Directions for this task: Please retype the data below line for line and leave out every picture.

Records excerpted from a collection
++++++++++++++++++++
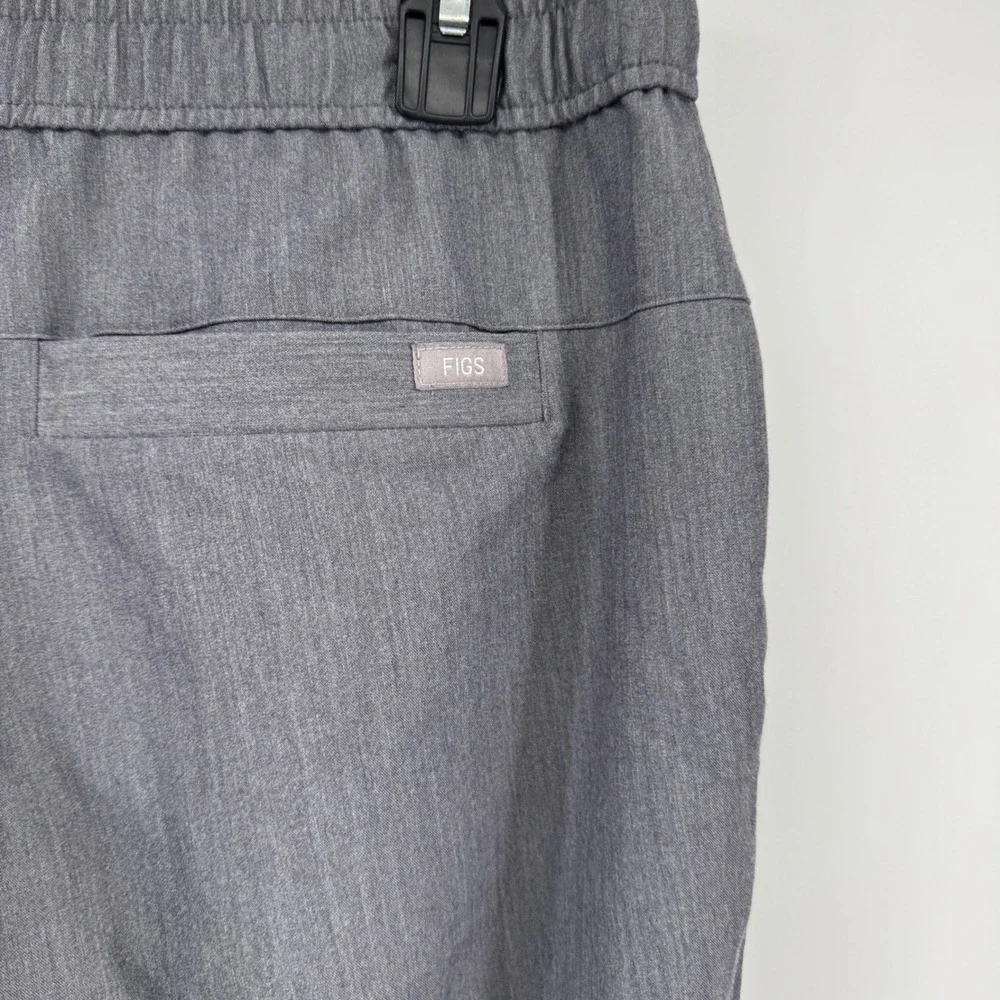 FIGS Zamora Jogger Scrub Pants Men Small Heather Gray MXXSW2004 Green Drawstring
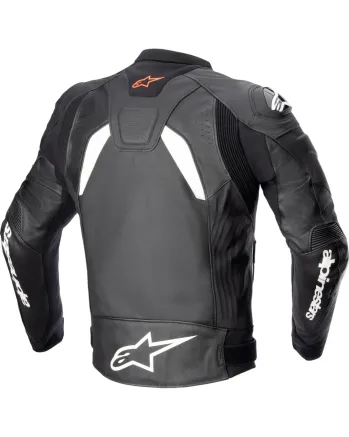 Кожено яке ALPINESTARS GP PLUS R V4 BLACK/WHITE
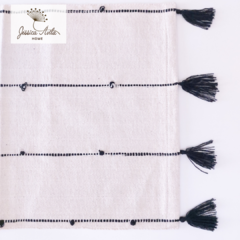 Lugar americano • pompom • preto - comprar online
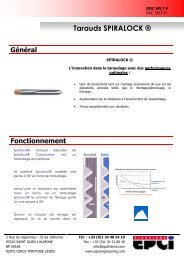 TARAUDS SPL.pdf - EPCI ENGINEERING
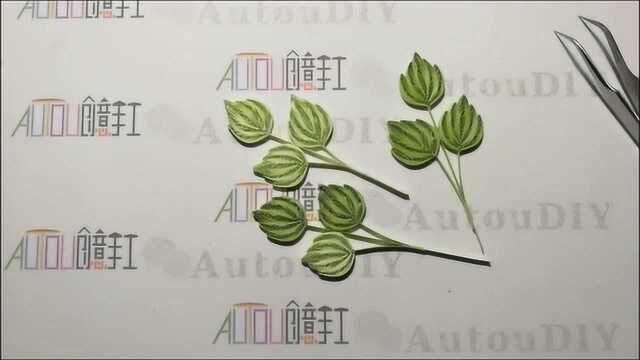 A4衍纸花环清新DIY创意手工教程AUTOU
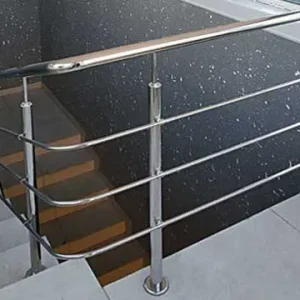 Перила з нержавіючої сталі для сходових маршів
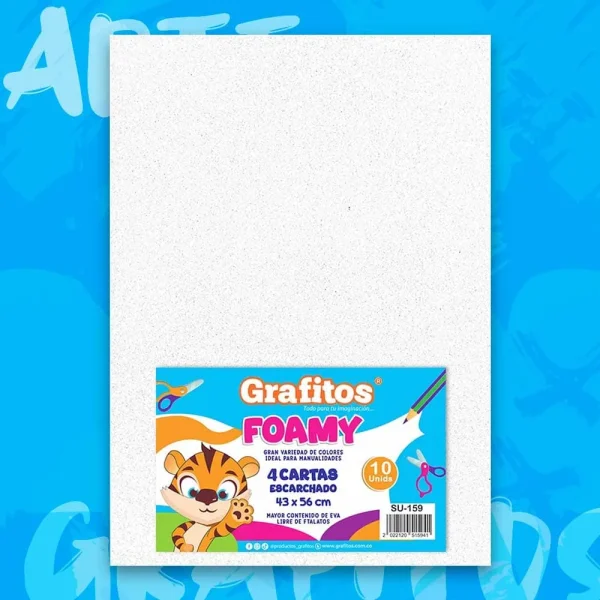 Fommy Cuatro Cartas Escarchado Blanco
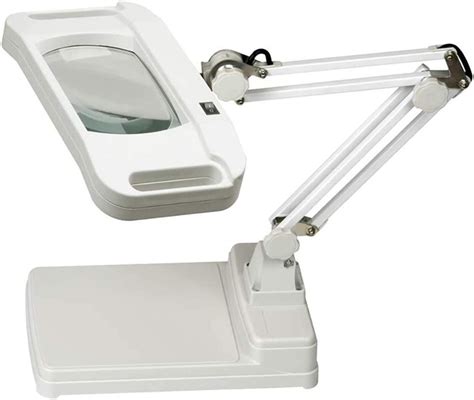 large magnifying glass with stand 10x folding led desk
++++++++++++++++++++
Written response:
 FIGS Zamora Jogger Scrub Pants Men Small Heather Gray MXXSW2004 Green Drawstring
 Кожено яке ALPINESTARS GP PLUS R V4 BLACK/WHITE
 Lugar americano • pompom • preto - comprar online
 TARAUDS SPL.pdf - EPCI ENGINEERING
 A4衍纸花环清新DIY创意手工教程AUTOU
 Перила з нержавіючої сталі для сходових маршів
 Fommy Cuatro Cartas Escarchado Blanco
 large magnifying glass with stand 10x folding led desk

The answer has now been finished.